15 May 2020Submitted to Journal of Evaluation in Clinical Practice
19 May 2020Assigned to Editor
19 May 2020Submission Checks Completed
19 May 2020Reviewer(s) Assigned

Abstract

Rationale, aims and objectives: The diversity of safety signals (e.g., case reports, animal studies and observational studies) makes the assessment of the (un-)safety of a drug a formidable challenge. While frequentist viewpoints to uncertain inference struggle in aggregating these signals, the more flexible Bayesian approaches seem better suited for this quest. Artificial Intelligence (AI) offers great promise to these approaches for information retrieval, decision support and leaning probabilities from data. E-Synthesis is a Bayesian framework for drug safety assessments build on philosophical principles and considerations. It aims to aggregate all the available information, in order to provide a Bayesian probability of a drug causing an adverse reaction. We delineate and assess ways in which AI can support E-Synthesis.
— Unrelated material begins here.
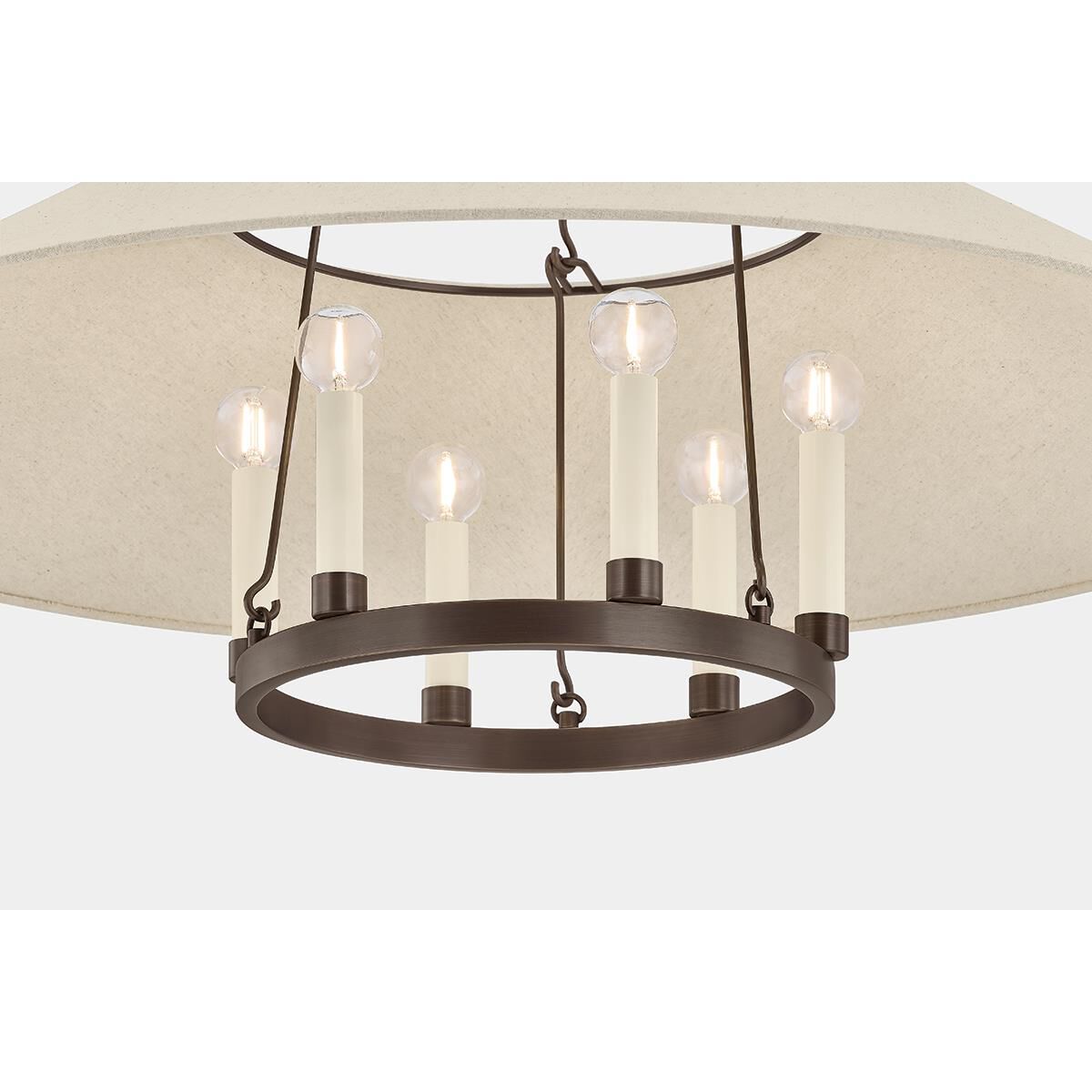 Shown in Bronze finish and Natural Linen shade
Results: We find that AI can help with information retrieval, usability (graphical decision making aids), learning Bayes factors from historical data, assessing quality of information and determining conditional probabilities for the so-called “indicators” of causation for E-Synthesis. Conclusions: Properly applied, AI can help the transition of philosophical principles and considerations concerning evidence aggregation for drug safety to a tool that can be used in practise.